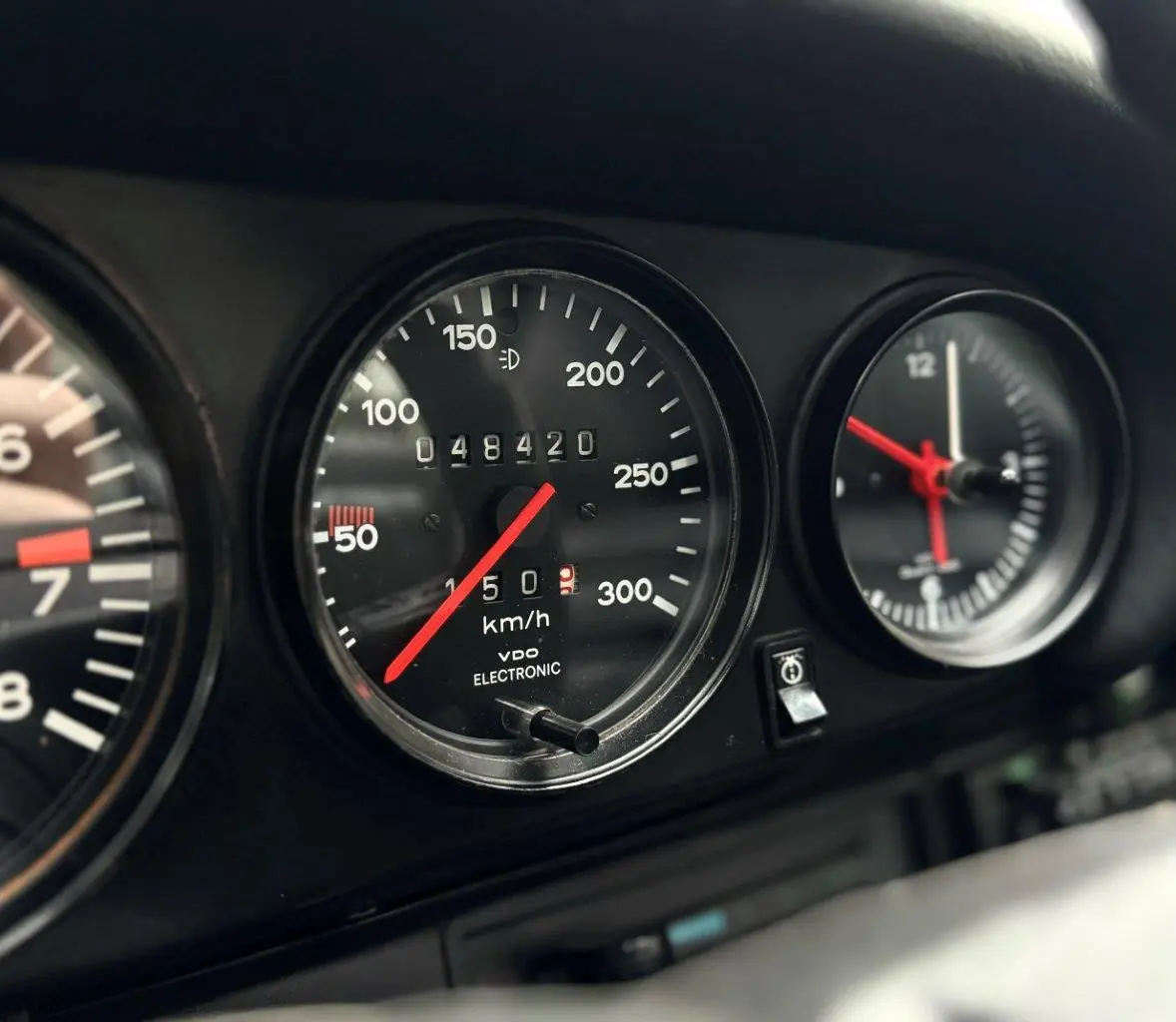 Velocímetro e instrumentos do Porsche 930 Turbo 3.0 1975, com escala de alta velocidade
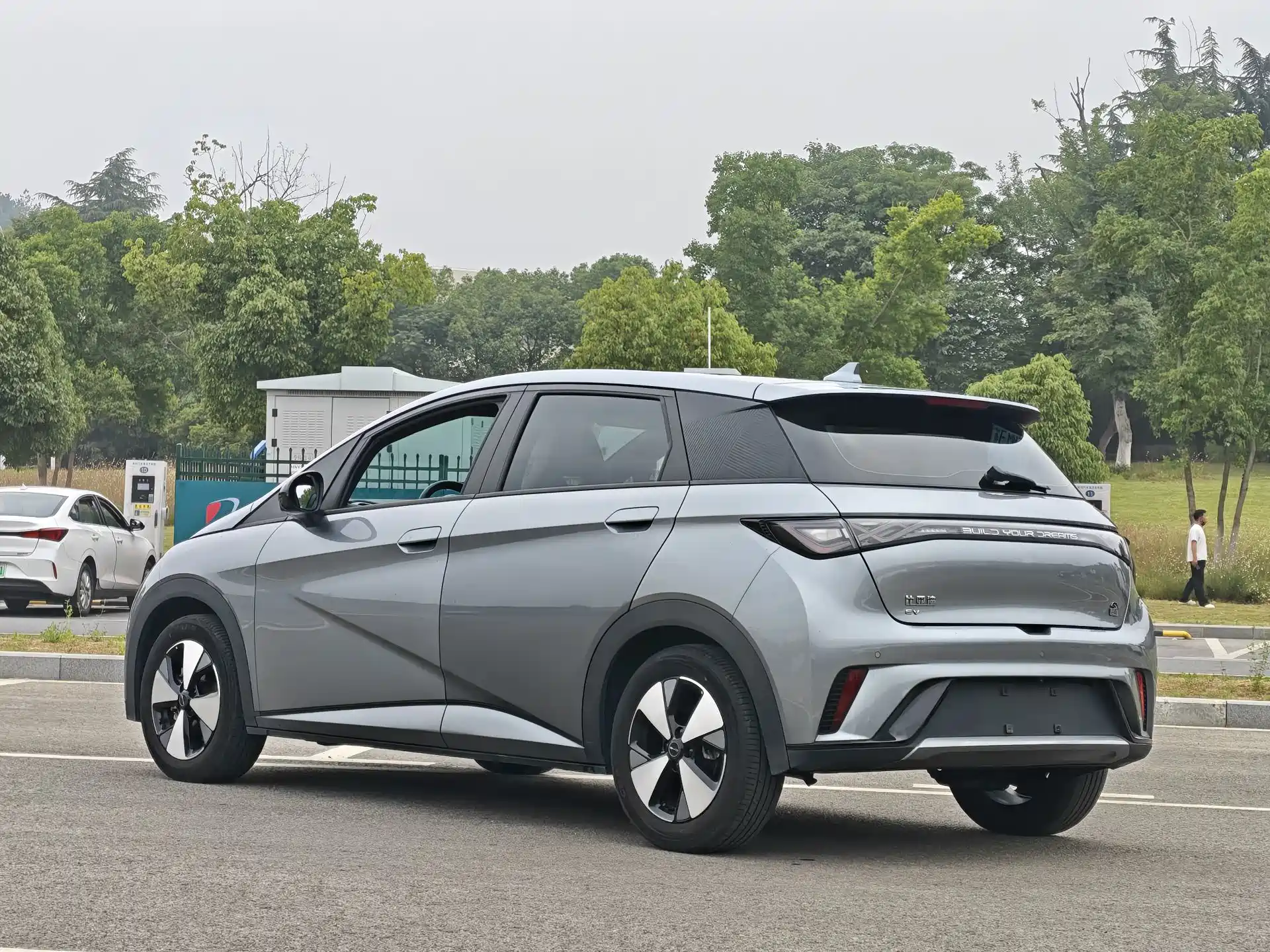 Фото 4 - BYD Dolphin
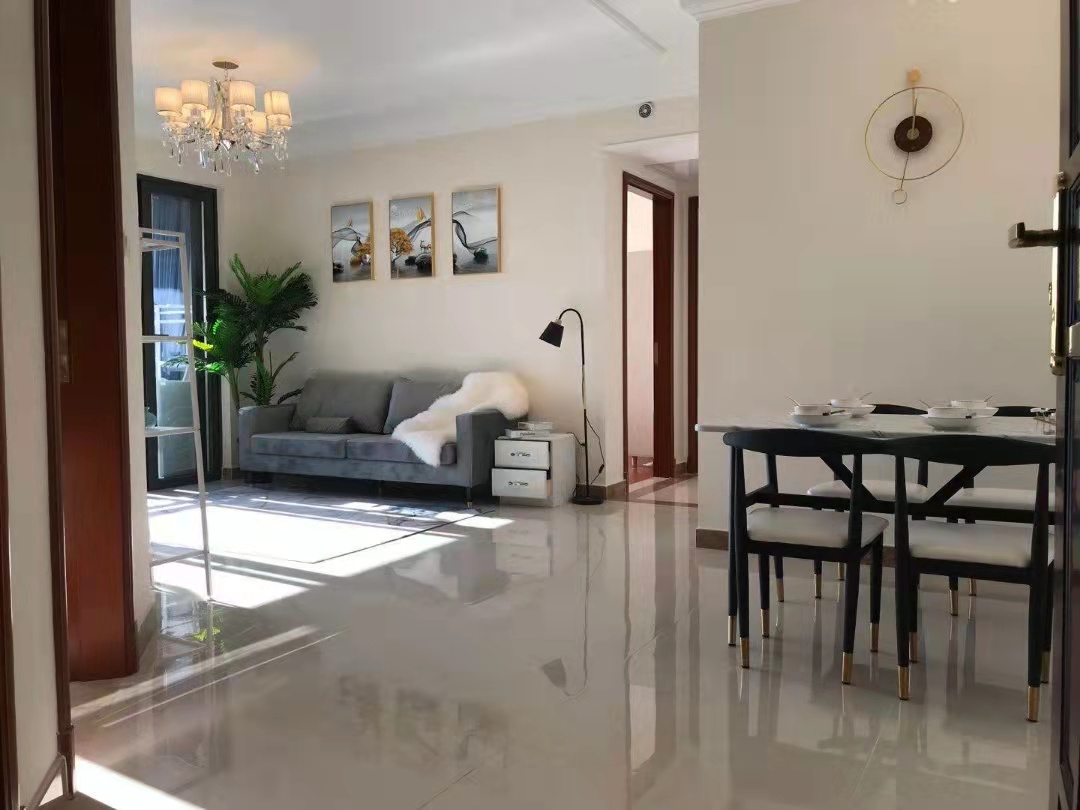 恒大南湖半岛 2室2厅1卫 2600.0元/月 恒大南湖半岛 2室2厅1卫 2600.0元/月室内图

WHAT THE EXERCISE ASKS: Reproduce the data exactly, please, and omit its pictures.

RESPONSE BOX:
 Velocímetro e instrumentos do Porsche 930 Turbo 3.0 1975, com escala de alta velocidade
 Фото 4 - BYD Dolphin
 恒大南湖半岛 2室2厅1卫 2600.0元/月 恒大南湖半岛 2室2厅1卫 2600.0元/月室内图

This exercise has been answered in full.